[Source material — start]

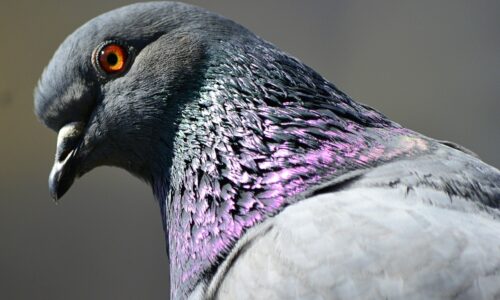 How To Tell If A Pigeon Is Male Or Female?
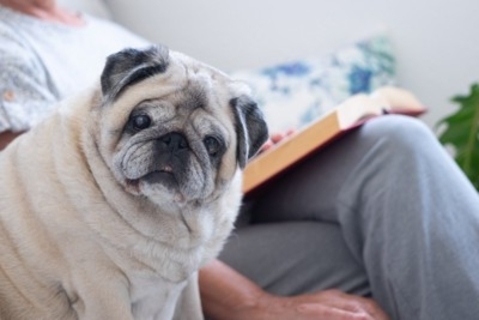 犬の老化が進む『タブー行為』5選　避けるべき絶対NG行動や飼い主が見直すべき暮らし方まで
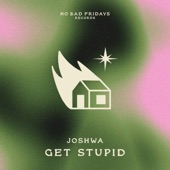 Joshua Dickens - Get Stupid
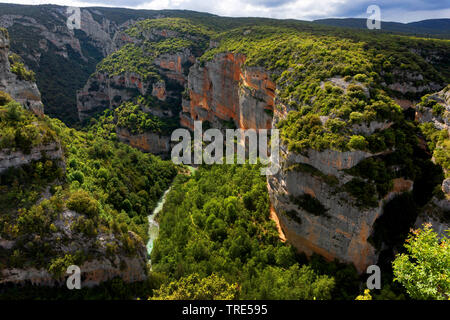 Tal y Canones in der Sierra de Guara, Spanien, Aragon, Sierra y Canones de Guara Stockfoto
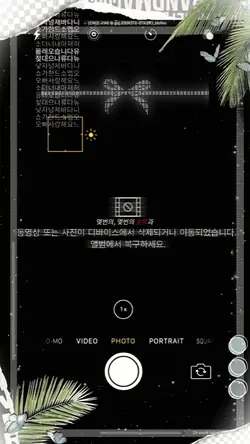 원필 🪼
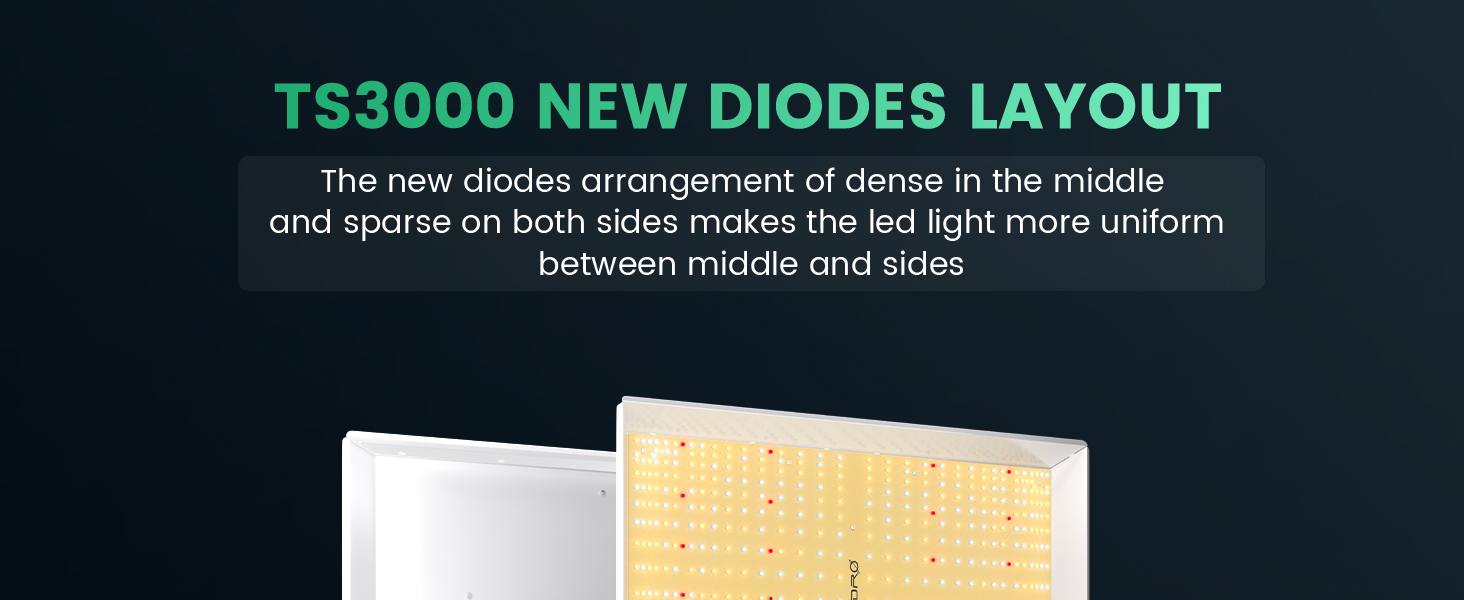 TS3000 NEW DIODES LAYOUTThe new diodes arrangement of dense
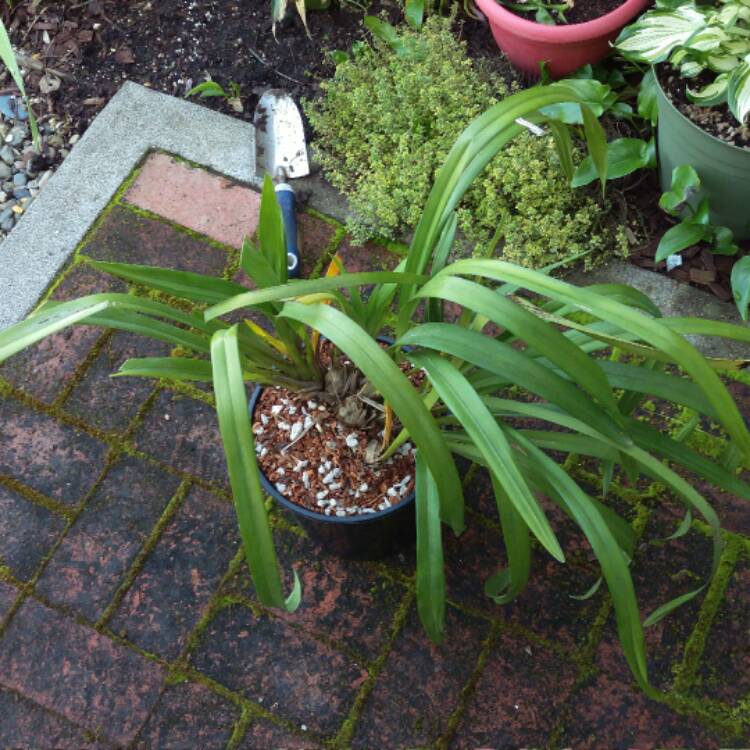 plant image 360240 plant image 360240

[Source material — finish]
[Source material — start]

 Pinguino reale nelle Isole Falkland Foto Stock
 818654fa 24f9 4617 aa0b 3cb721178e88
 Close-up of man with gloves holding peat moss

[Source material — finish]

_Problem:_ Output the lines of the records above exactly as they appear, from the line containing "Pinguino reale nelle" through the line containing "Close-up of man".

_Expected output:_
 Pinguino reale nelle Isole Falkland Foto Stock
 818654fa 24f9 4617 aa0b 3cb721178e88
 Close-up of man with gloves holding peat moss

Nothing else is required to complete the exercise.